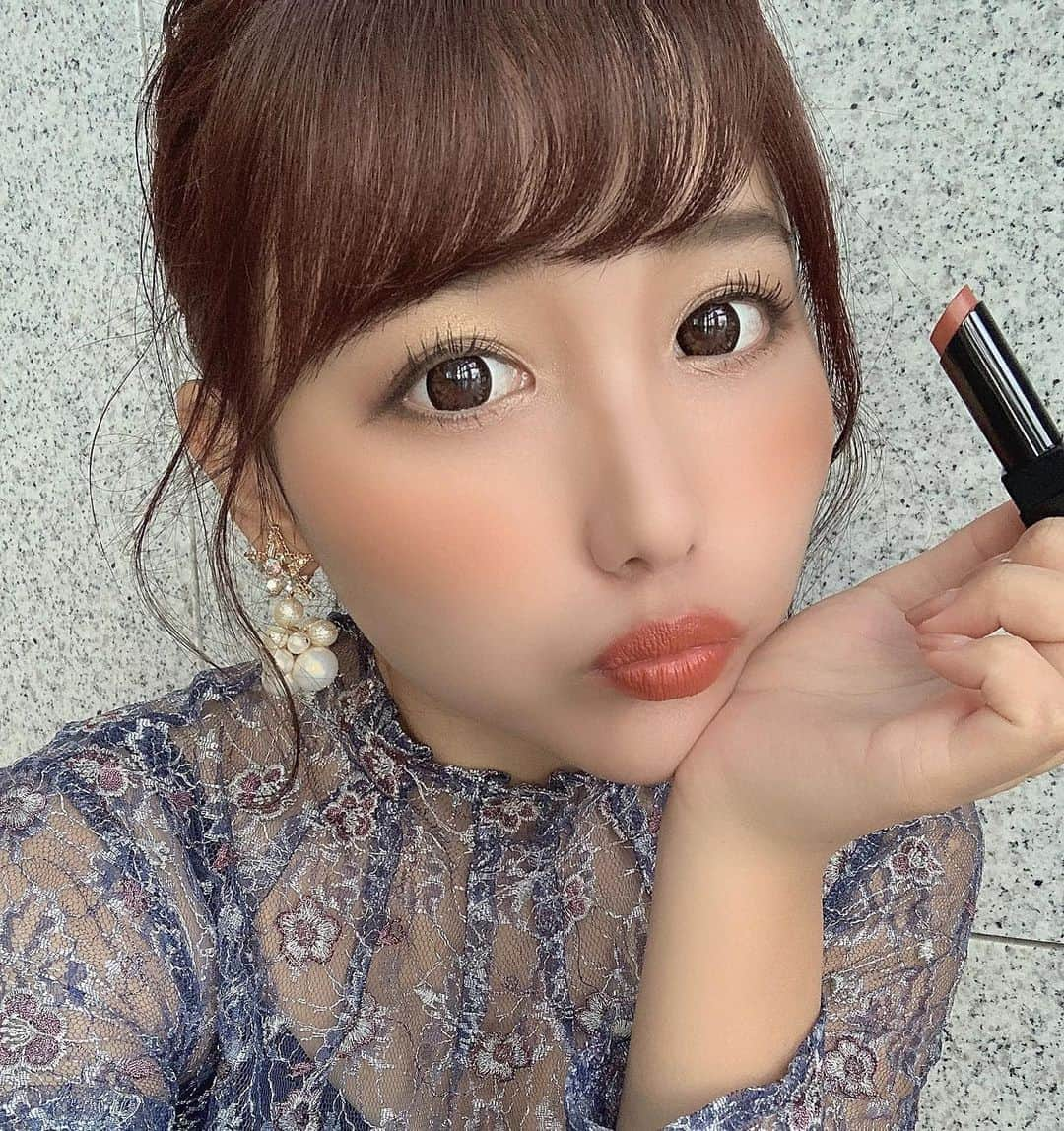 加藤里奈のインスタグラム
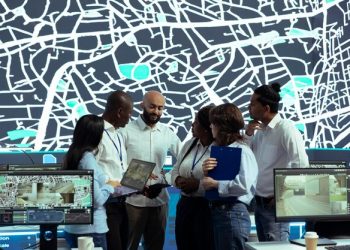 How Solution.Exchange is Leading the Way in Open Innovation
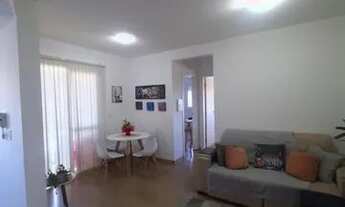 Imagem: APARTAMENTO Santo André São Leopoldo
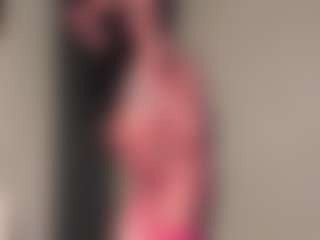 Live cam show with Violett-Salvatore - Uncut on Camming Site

* * *

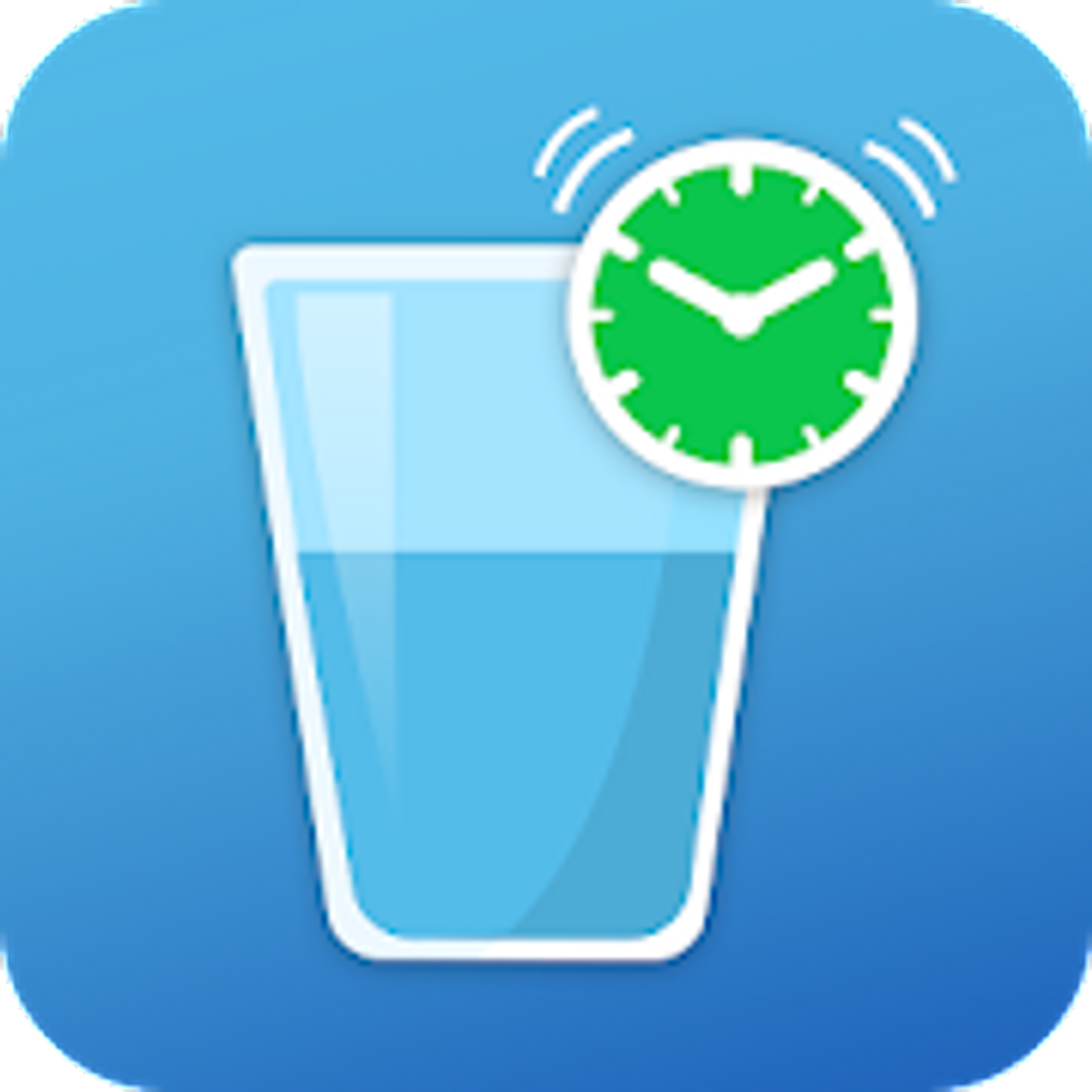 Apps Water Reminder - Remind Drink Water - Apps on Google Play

==

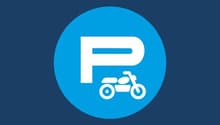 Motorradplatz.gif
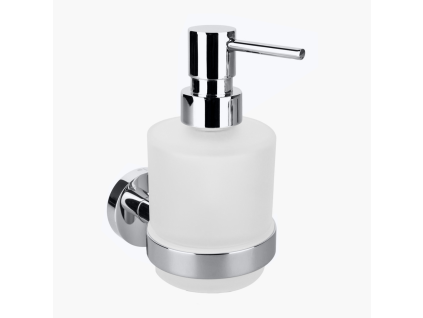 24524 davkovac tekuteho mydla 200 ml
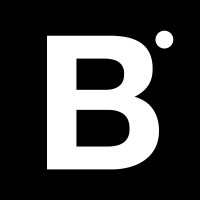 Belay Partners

What you should do: In the data above, retype only the stretch from the line with "How Solution.Exchange is" through the line with "Live cam show", word for word, and skip any pictures.

Task answer:
 How Solution.Exchange is Leading the Way in Open Innovation
 Imagem: APARTAMENTO Santo André São Leopoldo
 Live cam show with Violett-Salvatore - Uncut on Camming Site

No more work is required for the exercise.